Downing FOUR VCT plc - Healthcare
Downing FOUR Healthcare Share Class aims to provide attractive returns to investors by investing in a portfolio of healthcare companies, while taking advantage of VCT tax reliefs. Please read the key risks below.
The Downing FOUR Healthcare Share Class is seeking to provide attractive returns to investors by investing in a portfolio of healthcare companies.
The focus will be on development and expansion funding for innovative healthcare and biomedical businesses.
Alongside the standard lump sum available for one-off subscriptions, we are introducing the option for investors to subscribe monthly by way of a standing order. Share allotments will be made at least quarterly with tax and share certificates issued accordingly.
|Minimum subscription: £5,000 lump sum or £500 per month (across both share classes)||Maximum subscription: £200,000 lump sum or £16,666 per month (across both share classes)|
Method of payment for application
Payments for applications can be made by cheque, made payable to:
Downing FOUR VCT plc, or by electronic bank transfer using the payment details below.
How to apply
If you would like to invest, please first read the Prospectus before completing an application form.
The key risks are set out below. Please read the Prospectus for a full list of risk factors:
- You may lose money: the value of shares may go down as well as up and shareholders may not receive back the full amount invested. In addition, there is no certainty as to the level of dividends.

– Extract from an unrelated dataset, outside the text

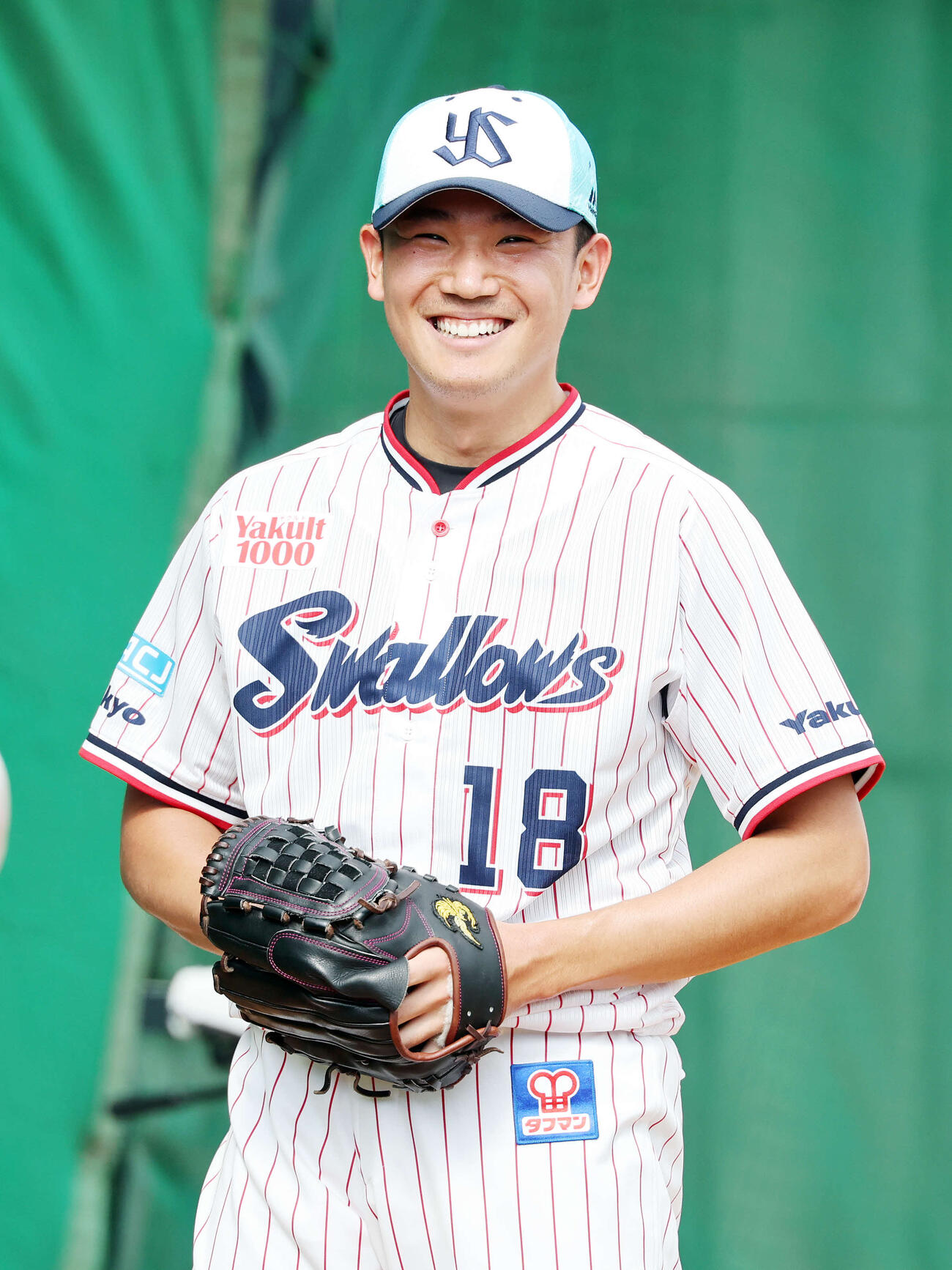 ブルペンで投球練習中、笑顔を見せるヤクルト奥川（撮影・鈴木正人）　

- Tax reliefs are not guaranteed: the availability of the tax reliefs depends on the companies invested in maintaining their qualifying status. If Downing FOUR does not maintain VCT qualifying status investors could lose the upfront 30% income tax relief and all other tax reliefs. All tax reliefs are subject to change in the future and personal circumstances. Please refer to HM Revenue & Customs’ website for further guidance on the tax reliefs available on VCT investments.
- VCT rules are restrictive: Downing FOUR’s ability to obtain maximum value from its investments may be limited by the VCT rules. Changes in the VCT rules may be applied retrospectively and may reduce the level of returns for investors.
- You cannot rely on past performance: Downing FOUR invests in small unlisted companies which, by their nature, are higher risk than larger “blue-chip” companies. Past performance is not a reliable indicator of future performance.
- This is a long-term investment: You should be prepared to hold your shares for a minimum of five years to qualify for the available VCT tax reliefs.
- Nature of smaller companies: VCT funds must be invested in smaller companies which may be more risky than their larger counterparts and where shares may be less liquid.
- Single sector exposure: The qualifying investments in this share class will only be invested in the healthcare sector, which may increase risks compared to a VCT share class that is diversified by sector.